Welcome to our blog for Intellectual Property Law and Practice in Latin America!
¡Bienvenidos a nuestro blog de Derecho y Práctica de la Propiedad Intelectual en Latinoamérica!
Bem-vindo ao nosso blog sobre Direito e Prática de Propriedade Intelectual na América Latina!

Monday, 29 November 2010

Jeremy

SUAVE has secondary meaning, but not very much of it, says Argentine Court

A keenly contested trade mark dispute between Unilever NV and Laboratorio Cuenca SA has been the subject of a ruling by Argentina's Federal Court of Appeals.  In short, Unilever was the owner of the SUAVE trade mark, which it had used extensively on shampoos and conditioners since 1999 and for which it had two pending applications for registration.  Cuenca used the trade mark ISSUE -- quite different, but accompanied by the words 'Shampoo Suave', on its products. Unilever sued for infringement, while Cuenca filed a counterclaim for annulment of Unilever's applications.

According to the trial court, the word SUAVE -- meaning "smooth" or "soft" -- was not distinctive. The court dismissed the complaint and allowed Cuenca's counterclaim.  The Federal Court of Appeals disagreed.  While SUAVE was a weak mark, due to the scale of use which Unilever made of it since 1999, its registration of the mark should be allowed since the word had acquired secondary meaning.
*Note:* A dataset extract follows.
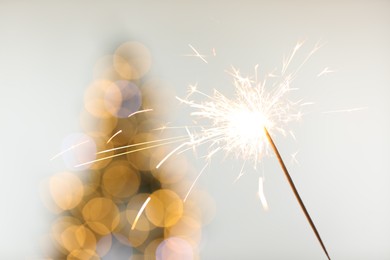 Photo of Bright burning sparkler on light background with blurred lights, closeup. Bokeh effect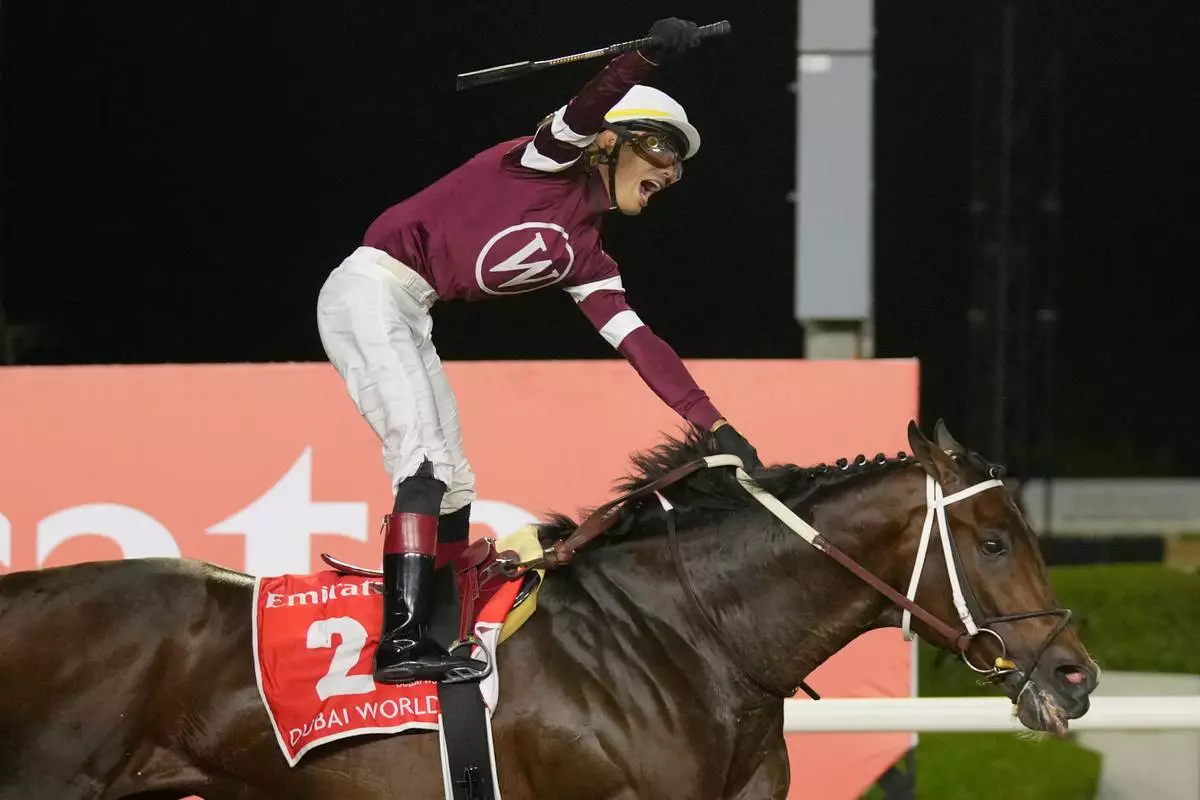 Jockey Jose Ortiz, aboard Magnitude, celebrates winning the $12 million Dubai World Cup horse race over 2000m (10 furlongs) at Meydan Racecourse in Dubai, the United Arab Emirates, Saturday, March 28, 2026. (AP Photo/Altaf Qadri)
In the court's view, the adjective 'suave' was not necessarily descriptive of shampoos and conditioners, but merely indicated a quality of the hair treated with the product.  However, Unilever's infringement claim still failed.  Because SUAVE was a weak mark, Unilever had to accept that third parties would use it in conjunction with their own marks, provided that they did not mislead consumers.